Set to the tune of “Hickory Dickory Dock,” Murray’s original text perfectly fits the traditional nursery song. ... The language is pure fun in places (“Hickory dickory dee,/Haroo!/Hurrah!/Yippee!”) and always child-friendly. The digitally rendered artwork is colorful and appealing. ... The book begs to be read aloud or, even more appropriately, sung aloud. The generous size of the book, the clarity and appeal of the illustrations, and the fluidity of the text make it a good choice for storytime.
—School Library Journal
Murray’s digital pictures have the cheery colors, simple shapes, and straightforward exuberance of 1950s illustration. Rufus, fashioned out of an almost continuous scraggly brown line and filled in with mustardy yellow, is the very picture of canine devotion.
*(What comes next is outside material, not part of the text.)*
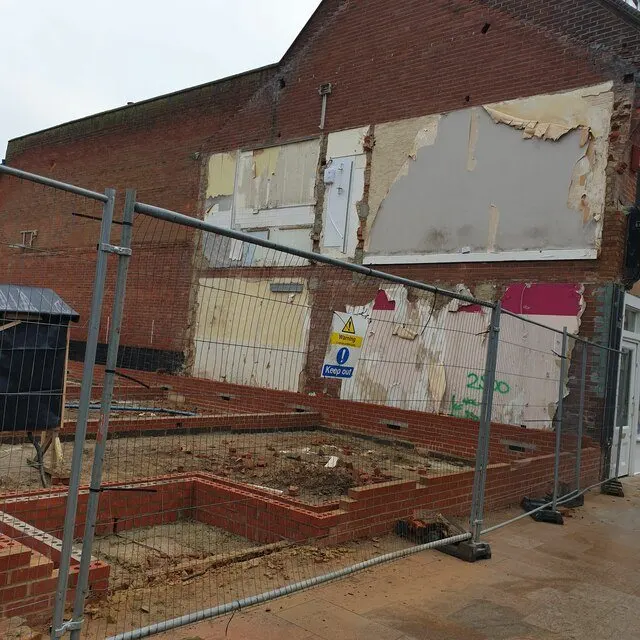 Redevelopment in Camberley High Street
Analog clocks pop up throughout the spreads, offering visual cues (and subtle nudges) to those on the threshold of knowing how to tell time.
Murray... riffs on a traditional nursery rhyme, keeping its cadences while focusing on a day in the life of Zack and his faithful dog, Rufus. ... Murray’s digital art employs a palette ranging from flat, retro pastels to bright primary colors.
This riff on a familiar nursery rhyme tells of dog Rufus’s surprise visit to his boy’s preschool, and Murray’s energetic digital illustrations add context to her cheery story. ... With a nostalgic sensibility, Murray’s artistic style suits the text’s folkloric origins. The busy day plays out on the thick oversize pages; the art balances the right amount of colorful detail with plentiful white space. ... Use this as a friendly introduction to what a school day looks like—and how much fun might be in store.
—The Horn Book
Murray’s usual retro-toned digital artwork is attractive... and shaggy, golden Rufus is a charmer, whether helpfully retrieving a dripping bottle of paint or gleefully riding in a bike-pulled cart, ears tossed back by the motion.
—Bulletin of the Center for Children's Books
There is a hullaballo in Alison Murray's "Hickory Dickory Dog," but it is entirely of the jolly, frisking, canine sort. In sprightly verse that takes liberties with the old Mother Goose rhyme, this picture book recounts a messy day in the life of little Rufus and his young master, Zack. ... Colorful, charmingly guileless illustrations of the child and his disheveled friend give a feeling of easy happiness to this story for 3- to 7-year-olds.